Put differently, why is the optimum for the probabilities $h_\Theta(x) = P(y = 1|x;\Theta)$ equivalent to the optimum for the classification problem?


My line of thought

For the terminology and formulas, see Andrew Ng coursera course on machine learning (relevant slides: https://github.com/vkosuri/CourseraMachineLearning/blob/master/home/week-3/lectures/pdf/Lecture6.pdf).

If we use the convex cost function $J(\Theta) = -1/m * \Sigma_{i=1}^m ( y^{(i)} log h_\Theta(x^{(i)}) + (1 - y^{(i)}) log (1 - h_\Theta(x^{(i)})) )$, we exponentially penalize higher differences between $h_\Theta(x)$ and $y$. Thus this logistic regression optimizes the parameters $\Theta$ for the probabilities $h_\Theta(x) = P(y = 1|x;\Theta)$.

But for the (in this example binary) classification problem, we use a threshold of $P=0.5$ to decide whether a sample is classified as positive or negative.

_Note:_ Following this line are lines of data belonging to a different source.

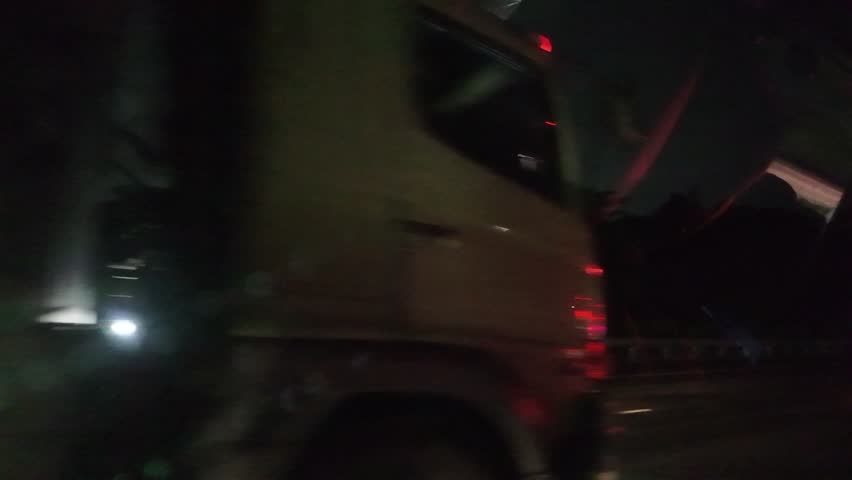 A large truck drives on a road at night. The truck appears to be transporting goods. The scene is dark with limited visibility.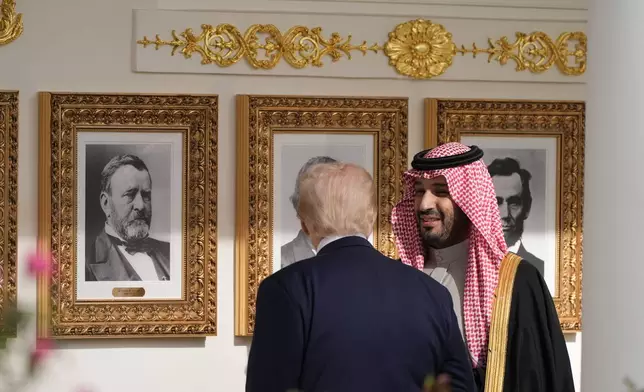 President Donald Trump walks with Saudi Arabia's Crown Prince Mohammed bin Salman along the colonnade, at the White House, Tuesday, Nov. 18, 2025, in Washington. (AP Photo/Alex Brandon)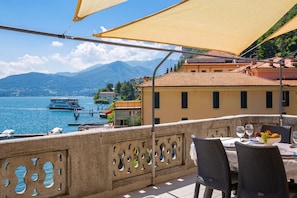 A terrace with a table set for dining, overlooking a lake with boats and buildings in the background. - Menaggio Tosca 3 in Menaggio (Menaggio)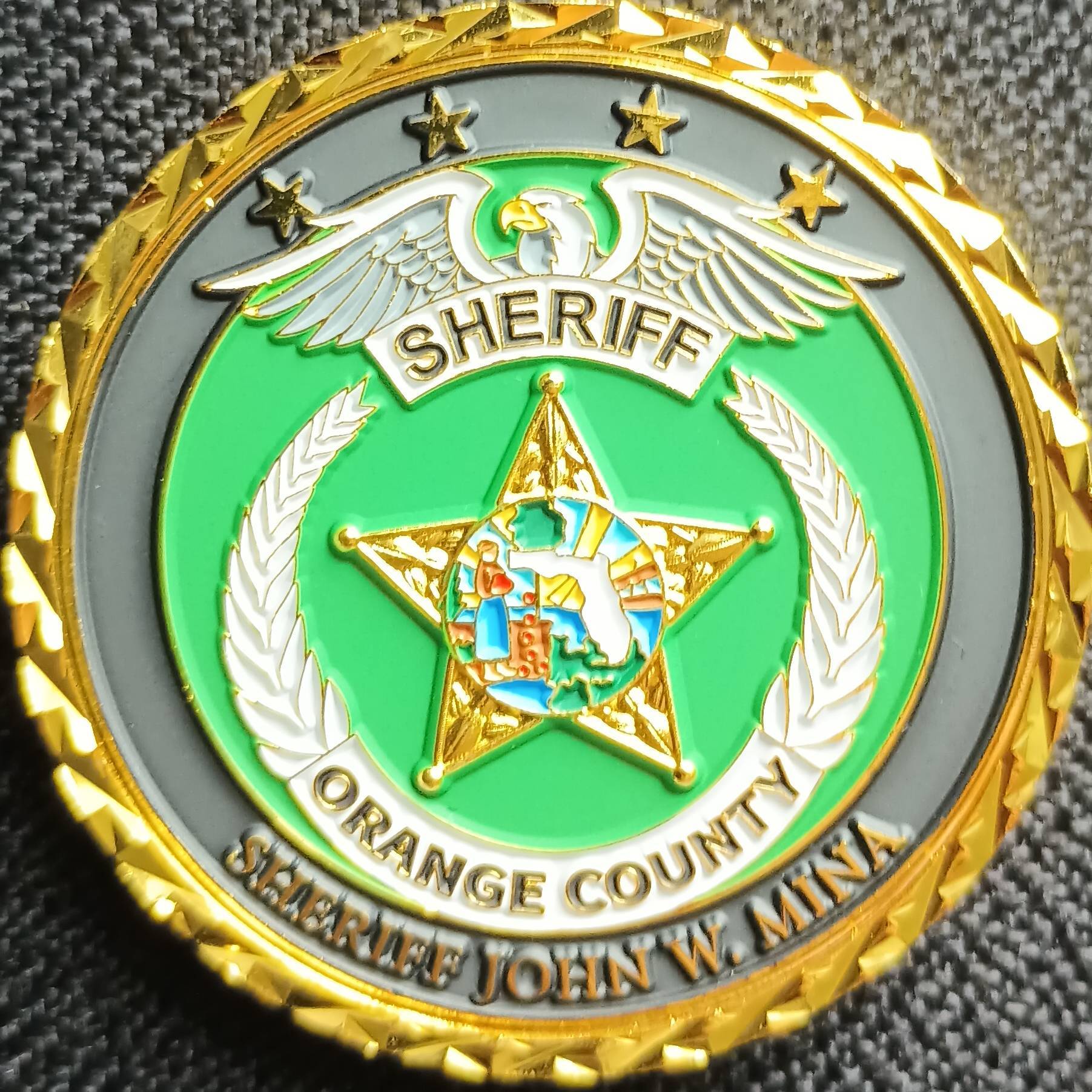 OCSO Sheriff John W. Mina — back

So the classification problem does not care whether $P=0.4$ or $P=0$, however the cost function makes an exponential distinction. Thus I do not understand why logistic regression with a logarithmic cost function also converges to the optimum for the classification problem.

For example, $\Theta$ that yields many samples with $h_\Theta(x)=0.4$ and $y=1$, has lower cost (due to the exponential distinction) compared to $\Theta'$ that yields $(0.6,1)$ for most of those samples and $(0.1,1)$ for only few of those samples. So $J(\Theta')$ is higher, but $\Theta'$ classifies much better in terms of amount of false predictions over the training set.

Given one bad optimization step, logistic regression should not be able to converge to the optimal classification!?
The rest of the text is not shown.